Am 02.11.23 um 12:50 schrieb Roger Sayle:
> 
> This patch optimizes a few special cases in avr.md's *insv.any_shift.<mode>
> instruction.  This template handles tests for a single bit, where the result
> has only a (different) single bit set in the result.  Usually (currently)
> this always requires a three-instruction sequence of a BST, a CLR and a BLD
> (plus any additional CLR instructions to clear the rest of the result
> bytes).
> The special cases considered here are those that can be done with only two
> instructions (plus CLRs); an ANDI preceded by either a MOV, a SHIFT or a
> SWAP.
> 
> Hence for C=1 in HImode, GCC with -O2 currently generates:
> 
>          bst r24,1
>          clr r24
>          clr r25
>          bld r24,0
> 
> with this patch, we now generate:
> 
>          lsr r24
>          andi r24,1
>          clr r25
> 
> Likewise, HImode C=4 now becomes:
> 
>          swap r24
>          andi r24,1
>          clr r25
> 
> and SImode C=8 now becomes:
> 
>          mov r22,r23
>          andi r22,1
>          clr 23
>          clr 24
>          clr 25
> 
> 
> I've not attempted to model the instruction length accurately for these
> special cases; the logic would be ugly, but it's safe to use the current
> (1 insn longer) length.
> 
> This patch has been (partially) tested with a cross-compiler to avr-elf
> hosted on x86_64, without a simulator, where the compile-only tests in
> the gcc testsuite show no regressions.  If someone could test this more
> thoroughly that would be great.
> 
> 
> 2023-11-02  Roger Sayle  <roger@nextmovesoftware.com>

CCing Andrew.

Hi, here is a version based on yours.

I am still unsure of what to make with this insn; one approach would be
to post-reload split which simplifies the pattern a bit.  However, when
the current pattern would use MOVW, in a split version we'd get one
more instruction because there would be no MOVW but two MOV's.

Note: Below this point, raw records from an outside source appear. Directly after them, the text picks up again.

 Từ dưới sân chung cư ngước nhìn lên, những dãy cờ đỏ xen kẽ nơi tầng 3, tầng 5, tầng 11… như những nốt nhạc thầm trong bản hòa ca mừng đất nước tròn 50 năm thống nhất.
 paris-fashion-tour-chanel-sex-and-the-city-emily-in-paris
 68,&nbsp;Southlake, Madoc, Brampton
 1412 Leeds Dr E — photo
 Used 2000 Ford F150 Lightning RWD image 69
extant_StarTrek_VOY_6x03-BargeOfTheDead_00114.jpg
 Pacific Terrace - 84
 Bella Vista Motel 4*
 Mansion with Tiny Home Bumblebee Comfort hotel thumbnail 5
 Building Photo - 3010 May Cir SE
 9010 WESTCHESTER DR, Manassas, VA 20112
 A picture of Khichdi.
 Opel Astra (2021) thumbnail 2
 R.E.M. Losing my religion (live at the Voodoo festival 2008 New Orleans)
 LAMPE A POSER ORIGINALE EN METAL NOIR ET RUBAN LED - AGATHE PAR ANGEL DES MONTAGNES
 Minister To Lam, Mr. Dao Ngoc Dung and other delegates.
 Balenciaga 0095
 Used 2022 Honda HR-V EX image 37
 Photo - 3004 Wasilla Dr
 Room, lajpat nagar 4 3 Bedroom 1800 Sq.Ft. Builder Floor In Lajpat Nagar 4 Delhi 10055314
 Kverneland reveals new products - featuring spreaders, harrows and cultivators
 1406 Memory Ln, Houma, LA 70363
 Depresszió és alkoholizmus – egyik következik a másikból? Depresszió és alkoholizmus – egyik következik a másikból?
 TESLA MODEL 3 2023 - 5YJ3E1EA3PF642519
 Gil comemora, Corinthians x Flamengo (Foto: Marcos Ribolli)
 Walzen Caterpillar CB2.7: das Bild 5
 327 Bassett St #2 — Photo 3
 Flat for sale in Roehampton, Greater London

Splitting would improve situation when not all of the output bytes
are used by following code, though.

Maybe Andrew has an idea; he helped a lot to improve code generation
by fixing and tweaking middle-end using AVR test cases like for PR55181
or PR109907.

Anyway, here is a version that works out exact code lengths, and it
handles some more cases.

Then I am not really sure if testcases that assert certain instruction
sequences from optimizers is a good idea or rather a liability:
The middle-end is not very good at generating reproducible code
across versions.  In particular, it's not uncommon that newer GCC
versions no more find some optimizations.  So the attached patch just
has a dg-do run without asserting anything on the exact code sequence.

Johann

--

Improve insn output for "*insv.any_shift.<mode>".

gcc/
	* config/avr/avr-protos.h (avr_out_insv): New proto.
	* config/avr/avr.md (adjust_len) [insv]: Add to define_attr.
	(*insv.any_shift.<mode>): Output using...
	* config/avr/avr.cc (avr_out_insv): ...this new function.
	(avr_adjust_insn_length) [ADJUST_LEN_INSV]: Handle new case.

gcc/testsuite/
	* gcc.target/avr/torture/insv-anyshift.c: New test.